Wednesday, November 08, 2006

Sciencey Thoughts

It has occured to me that the answer to my previous writer's question would depend on how hot it gets in a burning house. Tim seems to be estimating far higher than I would (read comments in Another Writer's Question for details). But my only basis for how hot a house gets when it's on fire is the book Fahrenheit 451 where the firemen had to make sure the house reached that temperature for the books to incinerate.

So, anyone know the average temperature of a burning house?

1 comment:

Anonymous said...

I would try not to under estimate the heat. A burning house has a couple properties:

*It is full of things that burn very well.
*It is probably built of wood, which burns very well. And there is a lot of it.
*The air is probably in an enclosed space--the walls keep the air from cycling.

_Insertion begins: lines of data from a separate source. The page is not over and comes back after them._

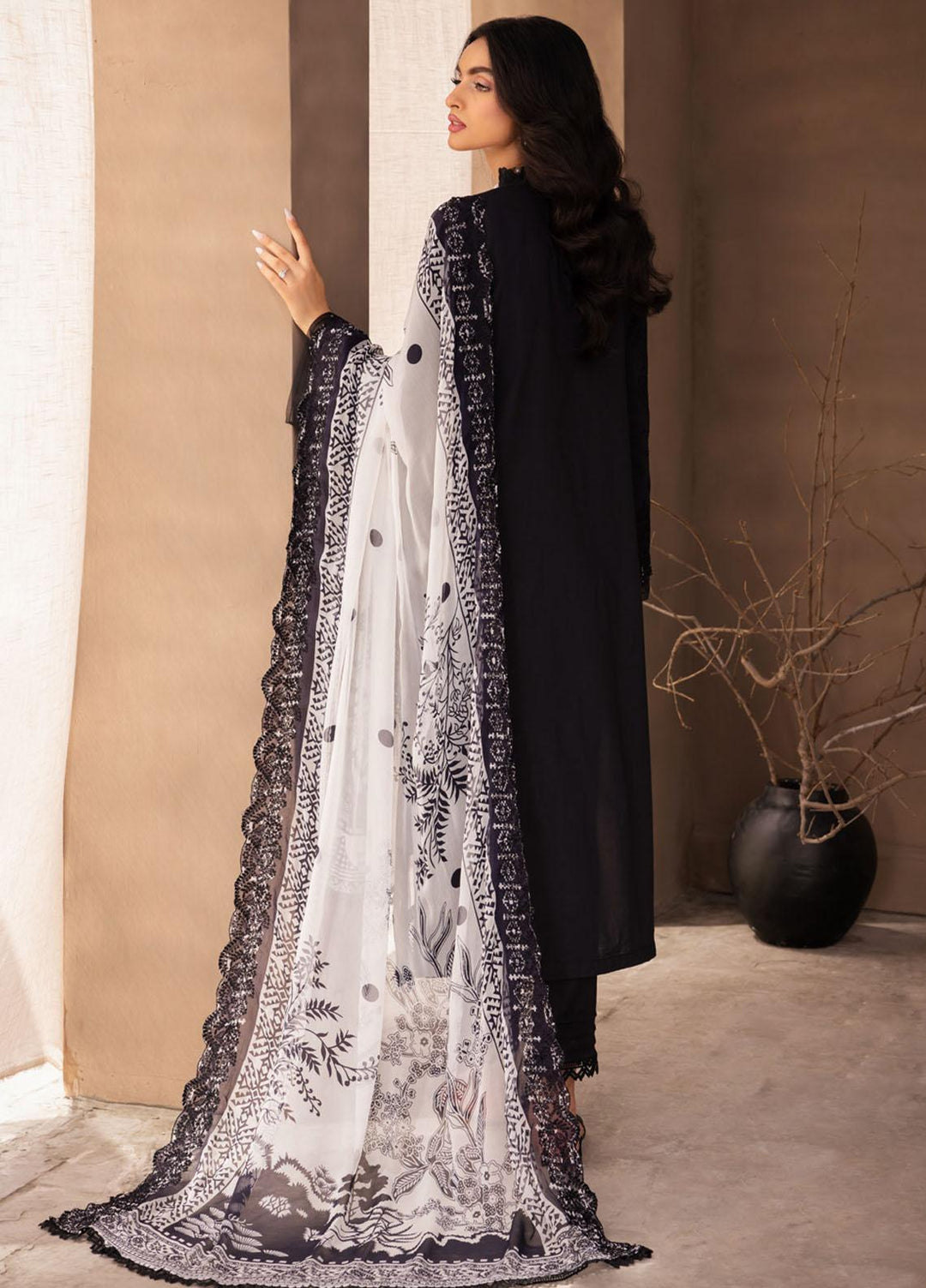 Koyal By Nureh Embroidered Lawn Suits Unstitched 3 Piece NU23KM B 02 - Summer Collection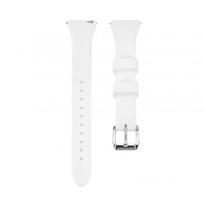 Dirželis Connect  20mm T-buckle Silicone Loop Watch Strap (130mm M/L) White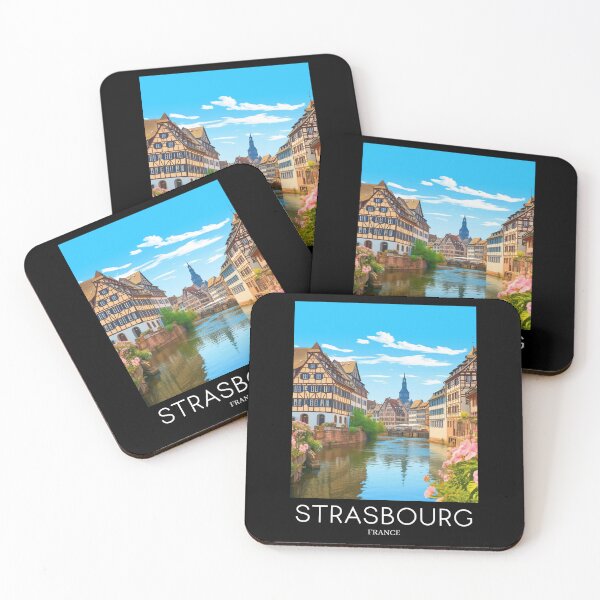 Item preview, A Pop Art Travel Print of Strasbourg - France  designed and sold by StudioRedKoala.
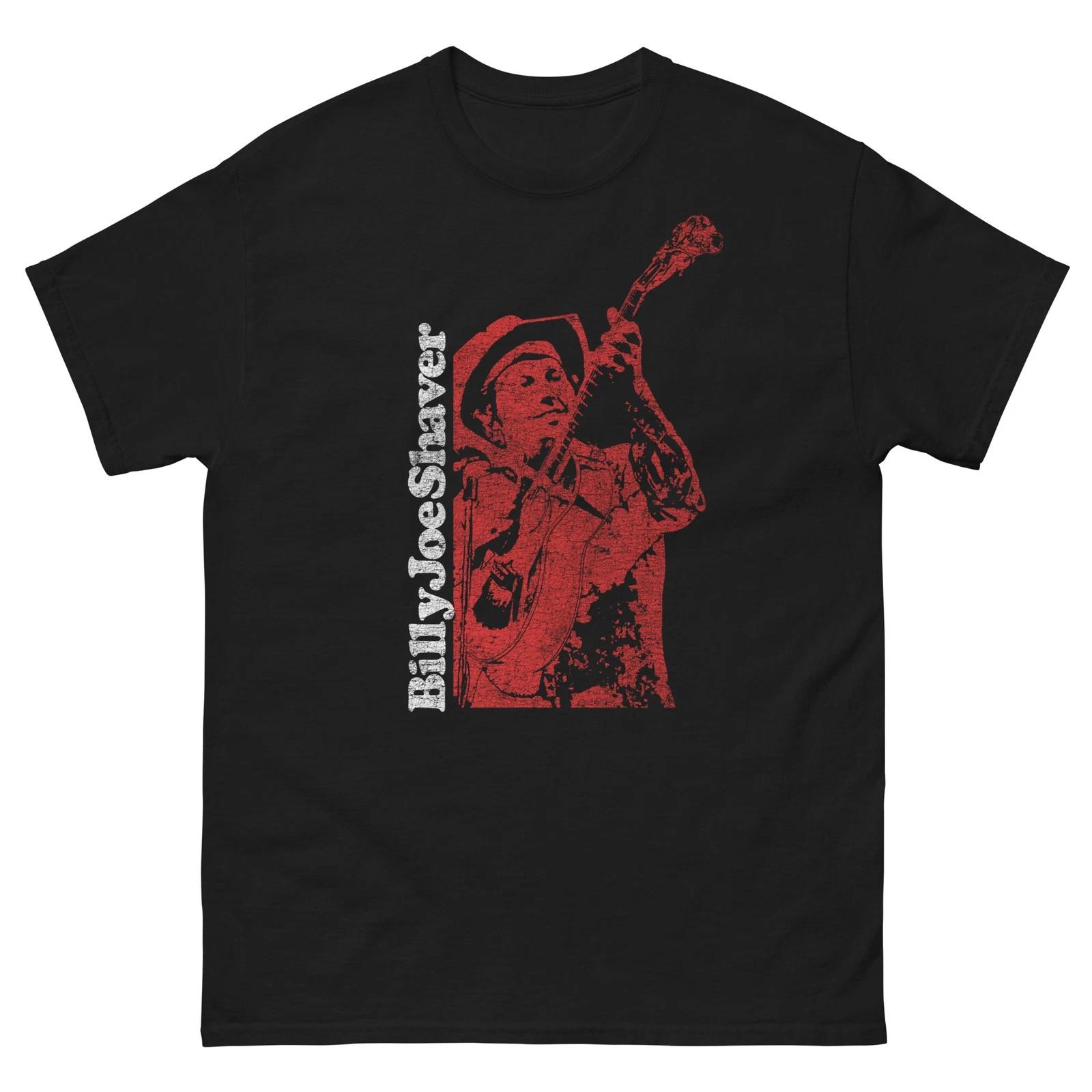 Billy Joe Shaver Black Graphic T JPDesign Shirt Unisex classic tee S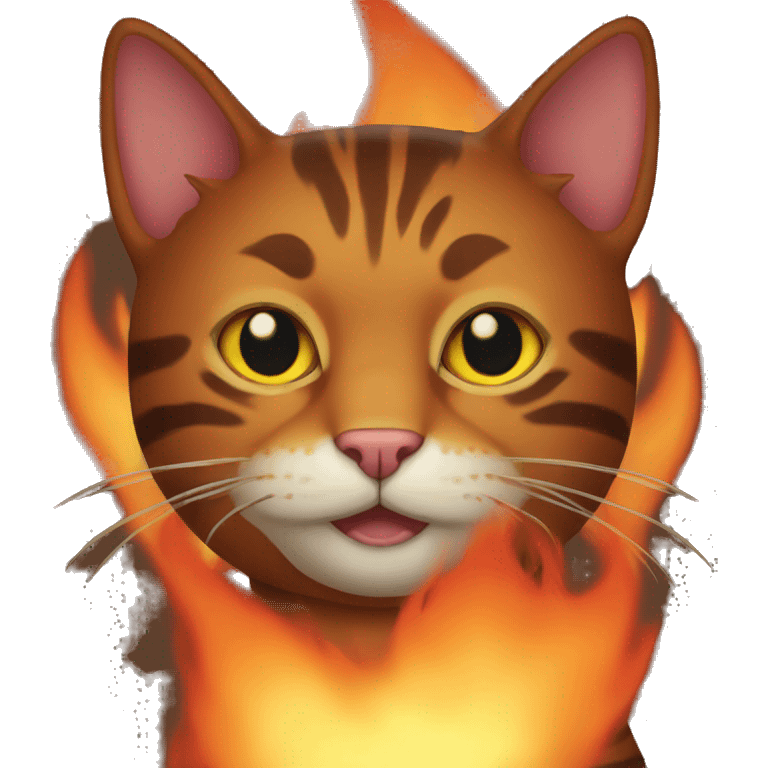 fire cat emoji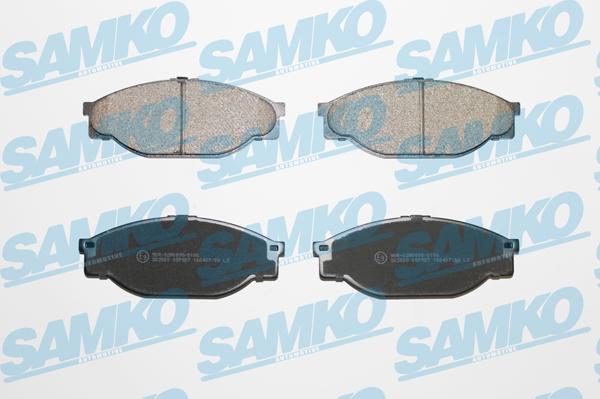 Samko 5SP927 - Kit pastiglie freno, Freno a disco autozon.pro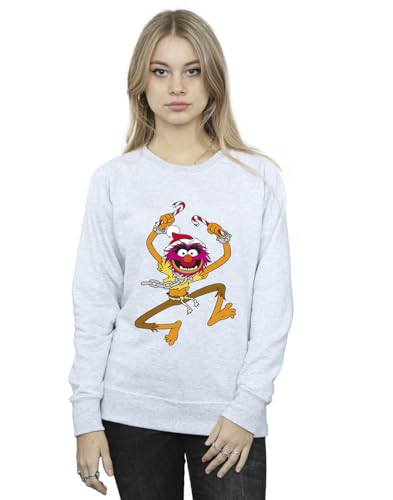 Disney Women's The Muppets Animal Christmas Sweatshirt Sport Grey XX-Large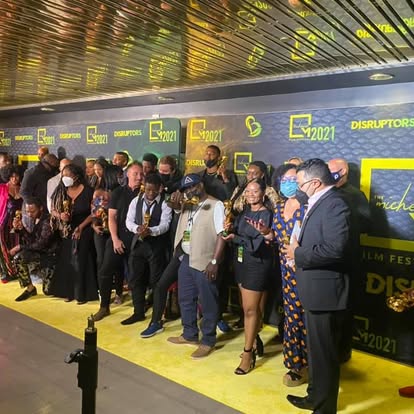 Filmmakers and guests gathered at the 2021 Disruptors event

This is what makes kilns and ovens so hot.
*It can burn for a very long time.

I have definitely spent time melting silver with an acetlyn torch. It was a tiny little bit of flame at that by itself could the needed 1800 degreesish farenheit. A house may not burn as hotly, but there is way way more flames.

Heck, I just cooked garlic bread at 450 degrees. A match can set fire on paper easily--that's 451. Imagine a million matches.

And remember that there's not some upper limit to heat--10,000,000 icecubes can't make it any colder than 0 degrees if the cubes are 0 degrees. A million matches at 1000 degrees can make it a lot hotter than 1000 degrees.